Los Angeles

Thirty-Four Sculptors

Long Beach State College

Mr. William Hill, functioning as the new director of the Long Beach State College Art Gallery, opened the fall exhibition season with a show devoted to sculptors who he felt had defined an image for themselves. Thirty-four were chosen, a number with no particular significance. Half of the sculptors are from southern California, the other half from northern California, barring a light sprinkling of northwest sculptors and one Canadian. Approximately half of the sculptors are teachers.

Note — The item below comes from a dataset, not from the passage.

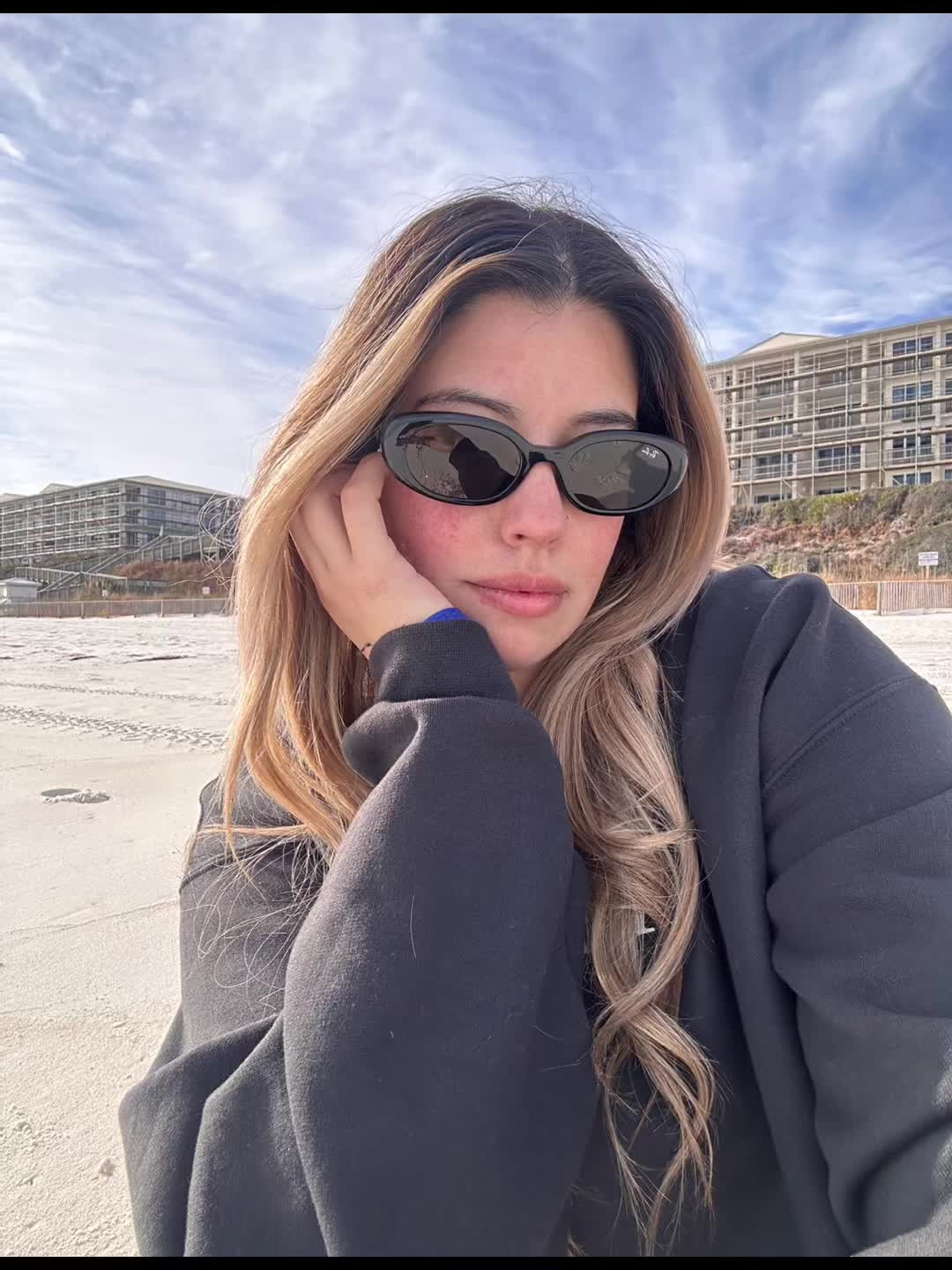 @YazzyLongLegs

Two works were outstanding. Oliver Andrew’s “Figure,” a brand-new piece in bronze and mahogany combined two separate materials beautifully with graceful lines and an over-all effect of pleasure to the eye and hand; yet it definitely was a work of this time. (It would be most interesting to watch the work age, for a part of its current appeal is the beautiful interplay of light new wood with bright metal.) The other outstanding work, George Tsutakawa’s “Mabae,” in welded sheet bronze played an ovoid globular shape against a series of flat supporting shapes that hold the globe within them, while within the almost solid globe, a slit revealed another straight flat shape played against the encompassing globe.

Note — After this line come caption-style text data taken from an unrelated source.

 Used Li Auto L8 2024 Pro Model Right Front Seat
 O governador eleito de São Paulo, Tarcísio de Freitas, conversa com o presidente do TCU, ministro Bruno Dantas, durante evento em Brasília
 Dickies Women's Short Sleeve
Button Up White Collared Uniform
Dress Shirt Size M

The rest of the exhibition is of high quality. Most of the works date from 1962–63, with only a few from 1960 or 1961. Among other works which seemed either especially fine efforts in themselves or particularly good examples of an artist’s style were John Mason’s “Cross Form,” Claire Falkenstein’s “Integrated Structure,” Maria Schulthess’ “Rondo Brasso Rilievo,” John Paul Jones’ “Man From Verdun,” Jack Stuck’s “Figure,” and Marjorie Burgstahler’s “Standing Figure Number One.” Dennis Hopper’s “Crusade,” construction of a stereoscope, a fencer’s mask and other materials was a witty example of the assemblage school. Robert Bassler’s “Volaris” is a wood piece assembled and shaped into a smooth, touchable shape, and Fred Powell’s “Tidal Pool” a wood sculpture worked so that the artist was firmly in control of his material, and used it to produce a work of definite distinction.

Peter Voulkos’ “Remington #2,” a bronze cast piece looking as if it were constructed of slabs of bricks, was installed in a way which did not do justice to the work, the most three-dimensional aspect of the work being turned so that it was most difficult to see. With this single exception, the exhibition was beautifully installed. The size of the galleries is limited, and 34 works on perhaps thirty pedestals could easily have turned into a forest or maze.